Veel dingen in het leven vinden we vanzelfsprekend. Vrienden. Werk. Kinderen. Airpods Pro. Eens verworven liggen we er niet meer wakker van. Zijn er niet dankbaar voor.
Het minimalisme probeert daar een mouw aan te passen door enkel bepaalde dingen toe te laten in je leven of een maximaal aantal bezittingen te hebben. Waarbij je het leven meer beschouwt als een museum dan een kringloopwinkel.
Een andere benadering om je geluk en dankbaarheid te vergroten is mental subtraction. Het houdt in dat je de goede dingen uit je leven wegdenkt. Bovendien werkt het instant.
Onderzoek toont aan dat de afwezigheid van een positieve gebeurtenis in je leven een krachtiger effect op je heeft dan alleen maar terugkijken op die positieve gebeurtenis.
Door je voor te stellen dat de belangrijke dingen en mensen in je leven niet bestaan, kun je echt gaan waarderen wat je hebt.

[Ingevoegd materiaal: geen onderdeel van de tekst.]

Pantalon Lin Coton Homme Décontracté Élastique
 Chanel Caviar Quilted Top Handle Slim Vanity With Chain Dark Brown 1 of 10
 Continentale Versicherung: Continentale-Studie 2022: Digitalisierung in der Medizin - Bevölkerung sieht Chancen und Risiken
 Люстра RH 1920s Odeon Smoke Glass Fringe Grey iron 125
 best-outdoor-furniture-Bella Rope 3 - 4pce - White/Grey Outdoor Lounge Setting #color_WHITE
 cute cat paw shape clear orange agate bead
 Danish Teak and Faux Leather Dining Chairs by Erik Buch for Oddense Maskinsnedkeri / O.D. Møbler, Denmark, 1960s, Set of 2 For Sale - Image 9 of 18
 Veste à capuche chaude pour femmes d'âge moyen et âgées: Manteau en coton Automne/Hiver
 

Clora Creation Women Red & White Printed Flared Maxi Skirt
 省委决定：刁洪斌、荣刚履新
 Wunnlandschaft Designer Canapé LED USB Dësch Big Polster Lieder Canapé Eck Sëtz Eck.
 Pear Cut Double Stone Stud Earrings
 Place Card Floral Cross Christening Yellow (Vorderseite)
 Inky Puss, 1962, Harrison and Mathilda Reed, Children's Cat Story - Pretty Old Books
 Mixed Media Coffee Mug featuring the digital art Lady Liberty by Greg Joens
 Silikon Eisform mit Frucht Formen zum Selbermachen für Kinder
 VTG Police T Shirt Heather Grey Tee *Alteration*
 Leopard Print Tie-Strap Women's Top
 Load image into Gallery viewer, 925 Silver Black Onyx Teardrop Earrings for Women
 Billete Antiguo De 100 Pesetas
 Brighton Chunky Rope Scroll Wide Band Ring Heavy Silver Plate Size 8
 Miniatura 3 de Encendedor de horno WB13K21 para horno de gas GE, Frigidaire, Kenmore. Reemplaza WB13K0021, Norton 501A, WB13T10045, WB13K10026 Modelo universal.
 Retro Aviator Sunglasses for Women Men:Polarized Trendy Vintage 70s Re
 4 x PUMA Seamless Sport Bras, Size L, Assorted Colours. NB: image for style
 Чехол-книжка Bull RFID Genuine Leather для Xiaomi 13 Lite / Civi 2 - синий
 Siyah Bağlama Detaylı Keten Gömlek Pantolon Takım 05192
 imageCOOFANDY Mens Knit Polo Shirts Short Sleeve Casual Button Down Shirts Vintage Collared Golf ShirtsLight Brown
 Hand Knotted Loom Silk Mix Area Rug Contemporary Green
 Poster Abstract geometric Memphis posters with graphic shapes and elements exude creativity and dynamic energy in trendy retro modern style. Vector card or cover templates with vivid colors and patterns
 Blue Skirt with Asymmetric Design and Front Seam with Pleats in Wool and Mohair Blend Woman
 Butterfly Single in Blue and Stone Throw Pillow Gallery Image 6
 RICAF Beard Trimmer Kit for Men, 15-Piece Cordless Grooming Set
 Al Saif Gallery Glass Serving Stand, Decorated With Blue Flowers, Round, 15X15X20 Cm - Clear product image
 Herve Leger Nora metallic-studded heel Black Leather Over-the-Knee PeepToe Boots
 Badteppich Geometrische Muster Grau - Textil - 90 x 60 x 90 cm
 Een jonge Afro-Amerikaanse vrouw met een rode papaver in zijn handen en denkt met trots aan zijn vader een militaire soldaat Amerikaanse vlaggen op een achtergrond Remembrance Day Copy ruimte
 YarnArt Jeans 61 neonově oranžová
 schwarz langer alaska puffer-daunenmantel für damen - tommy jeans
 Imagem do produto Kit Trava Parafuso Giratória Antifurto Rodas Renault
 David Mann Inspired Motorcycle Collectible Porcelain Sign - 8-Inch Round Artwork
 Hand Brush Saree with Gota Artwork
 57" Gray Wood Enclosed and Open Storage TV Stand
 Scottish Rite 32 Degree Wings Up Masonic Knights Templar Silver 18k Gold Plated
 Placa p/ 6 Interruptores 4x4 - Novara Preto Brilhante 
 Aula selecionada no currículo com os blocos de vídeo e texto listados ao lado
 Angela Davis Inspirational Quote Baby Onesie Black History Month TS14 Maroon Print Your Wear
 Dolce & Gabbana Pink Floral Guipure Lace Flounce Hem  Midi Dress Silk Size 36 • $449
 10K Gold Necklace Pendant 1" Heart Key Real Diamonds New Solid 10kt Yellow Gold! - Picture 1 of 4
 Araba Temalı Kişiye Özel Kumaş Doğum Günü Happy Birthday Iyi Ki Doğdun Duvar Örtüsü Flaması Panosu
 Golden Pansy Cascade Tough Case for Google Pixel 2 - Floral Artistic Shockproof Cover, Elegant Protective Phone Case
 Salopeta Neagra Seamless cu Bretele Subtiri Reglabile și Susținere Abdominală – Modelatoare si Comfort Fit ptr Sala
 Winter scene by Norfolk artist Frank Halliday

Voor objecten ben je dankbaarder als je je leven voorstelt zonder die objecten, dan als je terugdenkt aan het geluk of plezier toen je ze kocht.
Hetzelfde geldt voor prestaties of verwezenlijkingen waar je trots op bent. Die marathon die je liep. Dat artikel dat gepubliceerd werd. Dat concept dat je in de wereld zette. De reis die je maakte. Door je voor te stellen dat ze nooit hebben plaatsgevonden, kun je zien welke weg je hebt afgelegd. Hoe ze je leven beter gemaakt hebt, of anders.
Ik gebruik mental subtraction als volgt om mijn dankbaarheid te vergroten. Als ik merk dat ik klaag over iets, dan beeld ik me in dat waarover ik klaag weg is. Uit mijn leven verwijderd. Klagen over de job? Job is weg. Klagen over werknemers? Ze zijn allemaal weg. Klagen over de regen? De regen voor altijd weg. (Voor sommigen zou dat nog niet zo slecht klinken.) Klagen over de file? Mijn auto weg. Klagen over het huis. Huis weg.
Zo ervaar je de emoties alsof die dingen er niet meer zouden zijn. En dat maakt, voor mij, een wereld van verschil om mijn dankbaarheid en geluk te vergroten. En minder te klagen.